Per dare coesione alle singole storie e raccontarle con autenticità, i tre artisti hanno trovato dei parallelismi tra la propria vita e quelle emerse dalle profondità delle grotte. “C’è una forte componente di proiezione” afferma Glover, “anche se abbiamo fatto del nostro meglio per metterci nei panni dei personaggi di cui abbiamo raccontato. In fondo, però, l’album parla di noi e abbiamo usato queste figure per esprimere quello che abbiamo ritrovato dentro di noi”.
I tre terremoti che hanno scosso la terra durante la loro visita hanno costretto i tre musicisti a fare i conti con la propria mortalità e la propria missione. Per citare le parole di Hubbard: “Un po’ come i fantasmi del nostro primo progetto, i terremoti sono diventati una metafora minacciosa della grandezza e del potere di questo luogo e questa storia antichi: l’incertezza e il pericolo che si devono affrontare per camminare sulla via della vera illuminazione”.
Oscurità e pericolo, misticismo e mortalità: conoscere questi aspetti della vita equivale a conoscerne anche l’opposto. Ed è proprio questa trasformazione il cuore pulsante di “Heart of the Cave”. “Essere posti di fronte alle proprie paure e vedere le proprie convinzioni messe alla prova sono aspetti integranti di una vita piena” afferma Britt. “È sempre stata questa la mia fonte d’ispirazione nell’arte.
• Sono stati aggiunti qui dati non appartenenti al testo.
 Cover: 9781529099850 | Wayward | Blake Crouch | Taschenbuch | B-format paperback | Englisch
Il lato in ombra delle cose mi spaventa, ma non è l’ombra in sé a ispirarmi, bensì l’effetto che ha su di me quando la affronto”.
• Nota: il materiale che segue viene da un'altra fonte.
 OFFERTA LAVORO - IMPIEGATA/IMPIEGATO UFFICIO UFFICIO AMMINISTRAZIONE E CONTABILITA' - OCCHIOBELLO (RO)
“Le grotte hanno fatto da sfondo alle nostre esplorazioni interiori e il tempo trascorso a Osimo è diventata un’esperienza personale intensa, di quelle che cambiano la vita” conclude Glover. “Ci siamo letteralmente addentrati nella terra per cercare queste canzoni e, così facendo, abbiamo trasceso la superficie della nostra vita immergendoci nelle profondità di noi stessi”. Proprio come affermava il motto dei Templari che popolarono quelle grotte, Veritas vos liberabit... La verità vi renderà liberi.
Alla realizzazione dell’album, il cui tour di presentazione toccherà l’Italia a novembre 2017, hanno partecipato anche Gretchen Peters, Barry Walsh, Kris Donegan, Heather Donegan, Dan Mitchell, Dean Marold, Will Kimbrough, Natalie Schlabs, Eamon McLoughlin, Audrey Spillman e Kira Small.